The high cost of o3 high is not without reason. According to the Arc Prize Foundation, when handling ARC-AGI tasks, o3 high uses 172 times the computational resources of the o3 low configuration, which has the lowest computational amount among the o3 models. Such a huge consumption of computational resources has caused the cost of o3 high to skyrocket.
In addition, there have long been rumors that OpenAI plans to charge high fees for its high-end customized services for corporate customers. In early March this year, The Information reported that the company may plan to charge as much as $20,000 per month (equivalent to about 145,000 yuan at the current exchange rate) to provide enterprises with professional AI “agent” services such as software developer agents.

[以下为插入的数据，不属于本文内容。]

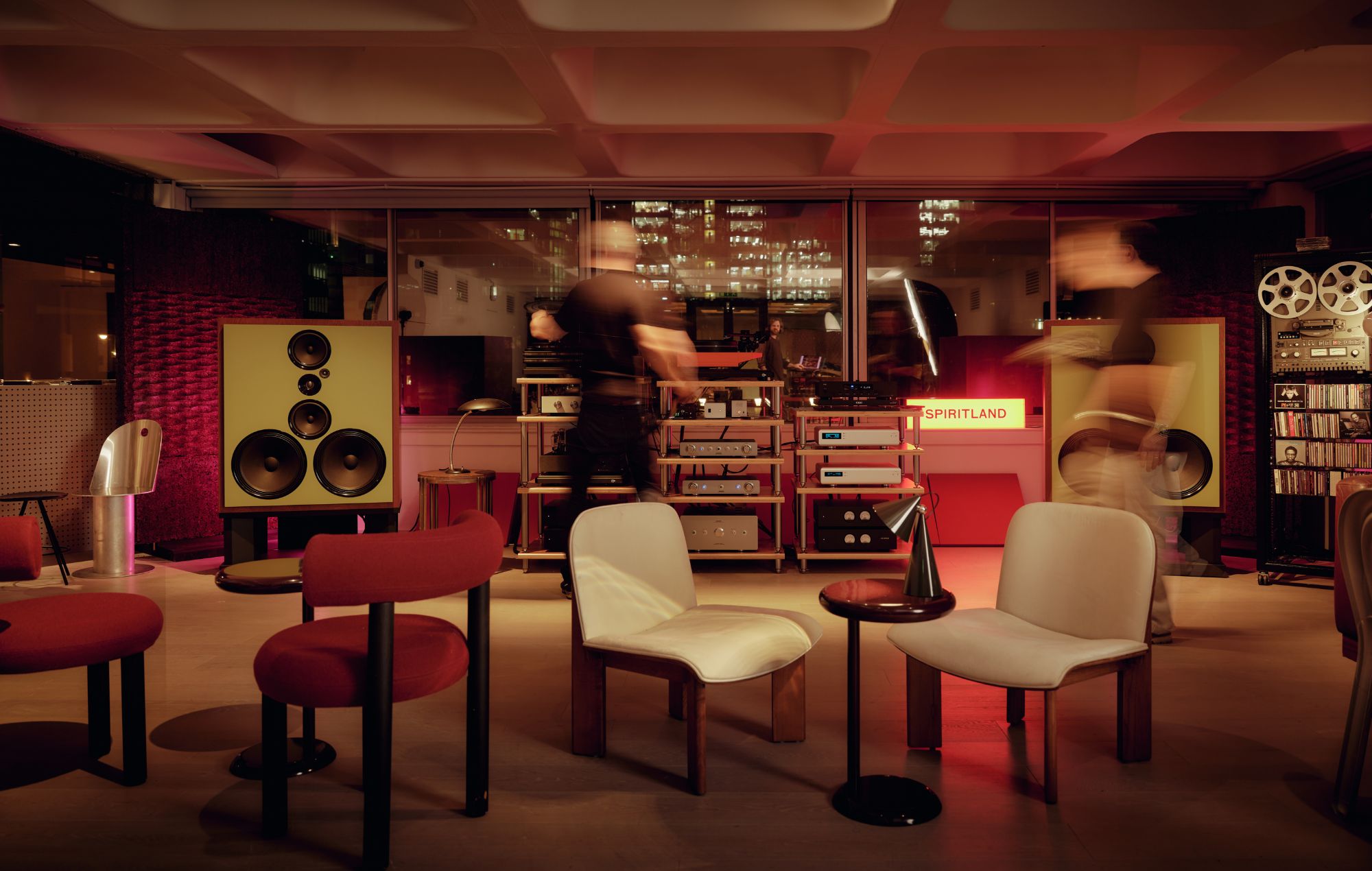 Spiritland、ロンドンのBarbicanに常設バーを開設 10月20日オープン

Although some people believe that even the most expensive AI models have costs that are much lower than the salaries of human contractors or employees, AI researcher Toby Ord pointed out in an article published on the X website that the efficiency of these models may not be as high as people expect. For example, o3 high needs to attempt 1,024 times to achieve the best result in the ARC-AGI test.
With the continuous development of AI technology and the acceleration of its commercialization process, how to effectively control costs while maintaining high model performance has become an important challenge facing the entire industry.